WHAT YOU HAVE TO DO: What this exercise needs is every entry restated as written, with no pictures.

[Crawled caption data]
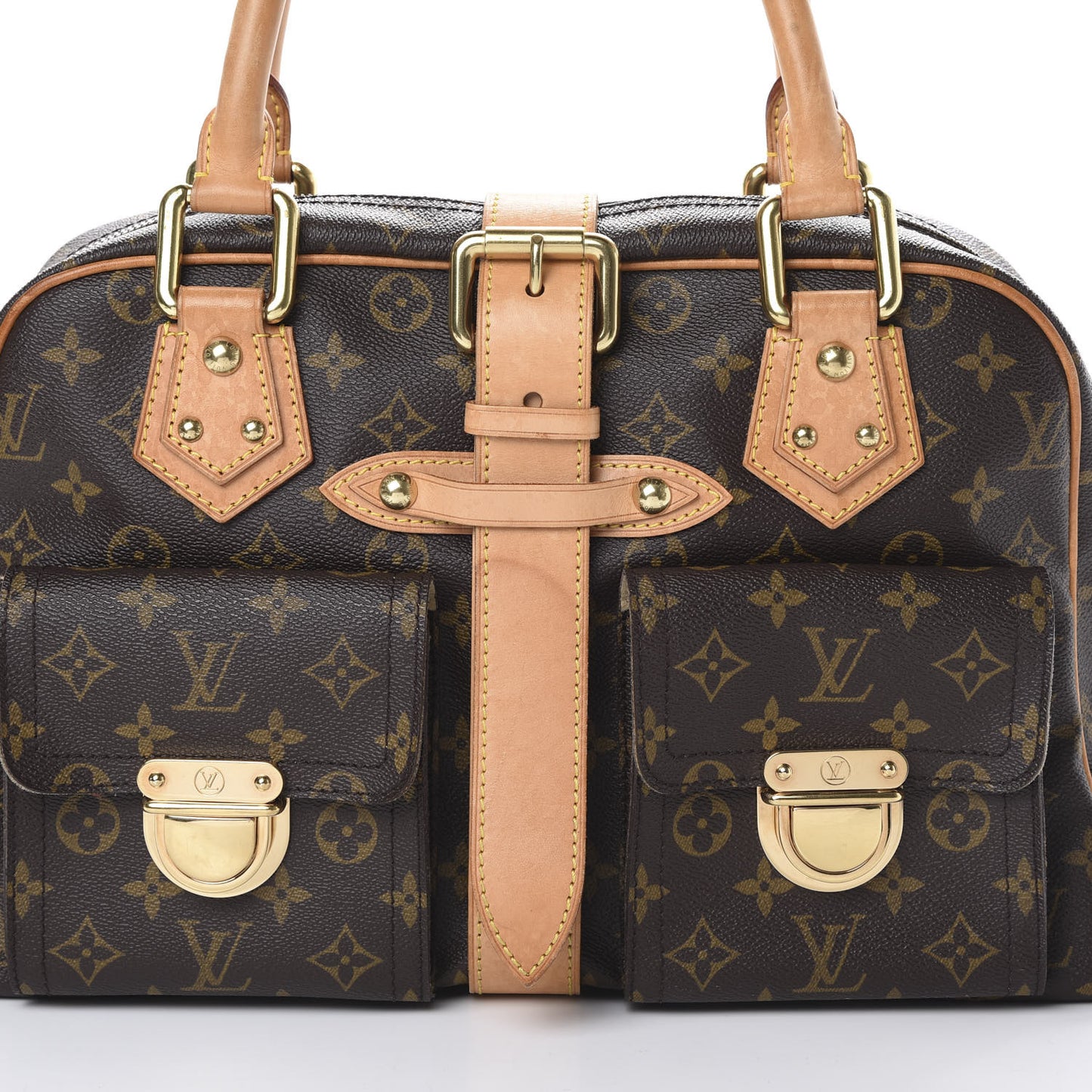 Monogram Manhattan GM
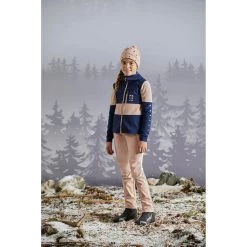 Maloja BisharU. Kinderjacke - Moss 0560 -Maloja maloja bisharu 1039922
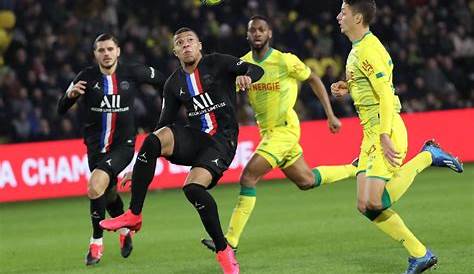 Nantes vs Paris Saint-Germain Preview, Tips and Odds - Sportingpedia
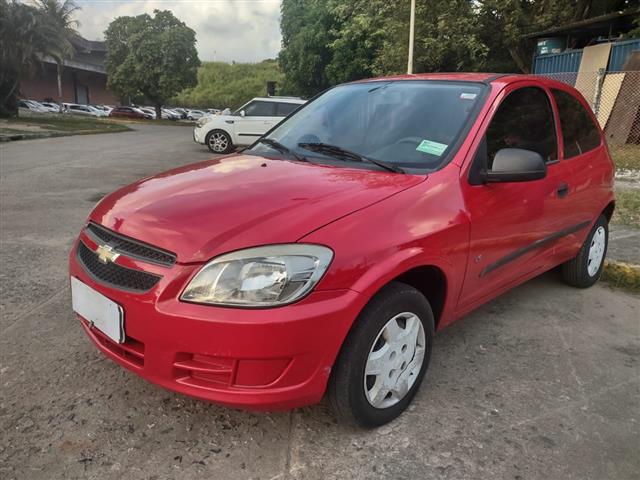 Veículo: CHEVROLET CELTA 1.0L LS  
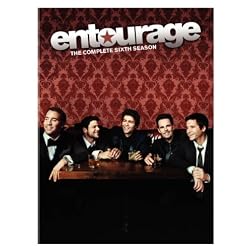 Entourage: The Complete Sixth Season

COMPLETED TASK:
 Monogram Manhattan GM
 Maloja BisharU. Kinderjacke - Moss 0560 -Maloja maloja bisharu 1039922
 Nantes vs Paris Saint-Germain Preview, Tips and Odds - Sportingpedia
 Veículo: CHEVROLET CELTA 1.0L LS  
 Entourage: The Complete Sixth Season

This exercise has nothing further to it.